Une tribune pour les luttes

CQFD n°109 (mars 2013)

Seins ronds, ventre plat

Article mis en ligne le mardi 30 avril 2013

La gestation pour autrui (GPA), ou plus crûment la location d’utérus, redore d’atours modernes les vieilles coutumes de l’exploitation du corps des femmes. Au XIXe siècle, les Auvergnates venant d’accoucher se précipitaient à Paris pour vendre leur lait à la progéniture des bourgeoises du 16e arrondissement. Il y avait des bureaux de placement, on tâtait la marchandise, on vaticinait que le lait auvergnat était de meilleure qualité que le lait breton.
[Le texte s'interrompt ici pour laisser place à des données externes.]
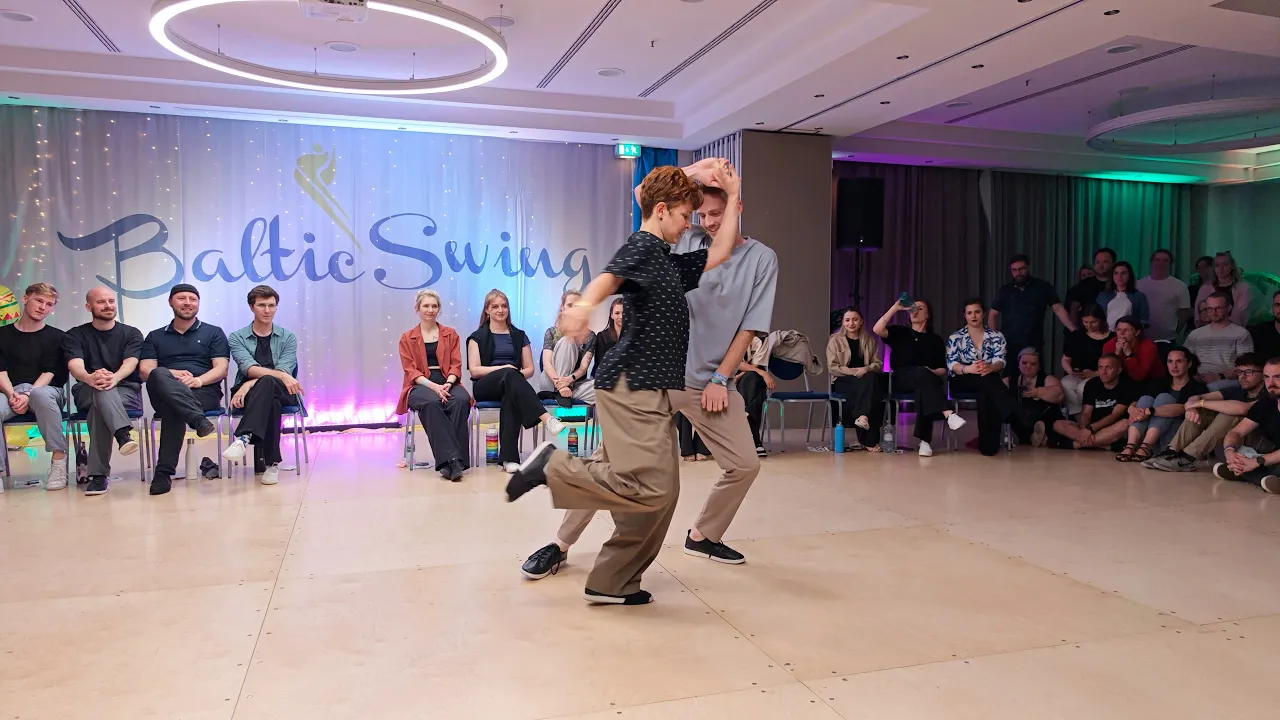 Maxence Esparcieux & Lotte Meier - IT'S YOU / All-Star Jack & Jill / Baltic Swing 2025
Et alors, me dira-t-on, puisque les Auvergnates étaient libres et qu’elles le faisaient de leur plein gré ? Sans doute auraient-elles été bien chagrines d’être renvoyées dans leurs contrées misérables ! Tout comme, plus près de nous, cet employé de Bricorama venu à la télé taper du poing sur la table : « Je veux travailler le dimanche !  » Il le voulait vraiment, mais on aurait donné à cet homme l’argent du dimanche pendant la semaine, aurait-il persisté dans cet aveu effarant ? C’est aussi l’un des poncifs pour justifier la prostitution : certaines femmes le « veulent  ». Et c’est vrai, on trouvera des femmes qui tapinent sans contrainte. De même, si la GPA est légalisée, il y aura des femmes, en Slovénie, aux USA ou en France, pour louer leur ventre «  librement  ». Mais quel échec de la pensée de s’arrêter là ! Deux siècles après Marx, et tout le travail de la sociologie [1] !

L’individu est une construction sociale, et nos décisions le fruit de nos expériences passées et de nos positions respectives. Si quelqu’un dit «  je veux  », sans mettre en cause sa sincérité, faut-il oublier qu’il y a des circonstances à ce vouloir [2] ? Faut-il s’empêcher de comprendre comment cette volonté est venue à l’ouvrier, la femme, la jeune fille ? Pourquoi ce ne sont jamais les descendantes des bourgeoises du 16e arrondissement qui loueront leur ventre, mais les Auvergnates mondialisées d’aujourd’hui ? Le consentement mutuel intrinsèque à tout contrat n’efface pas les inégalités sociales entre les deux parties.

Remarquons que la GPA pousse cruellement à bout la notion de « prolétaire  » défini par l’étymologie : celui qui n’a pour toute richesse que ses enfants (proles). Transformer des utérus en force de travail est bien l’aboutissement de la misérable pensée économique : mon corps aussi est une marchandise, un capital que je peux faire fructifier. Certaines filles choisissent bien, « librement  », de devenir star du porno… C’est la crise, mon corps est tout ce qui me reste, j’en profite !

Or, si les féministes ont martelé « mon corps m’appartient  » pour avoir le droit d’avorter, elles ne disaient pas : « J’ai un corps et je l’exploite  », mais bien « Je suis un corps, personne ne peut me l’aliéner en imposant de l’extérieur ses usages ou ses fantasmes  » – par exemple en me violant, me forçant à la maternité ou à devenir un objet sexuel.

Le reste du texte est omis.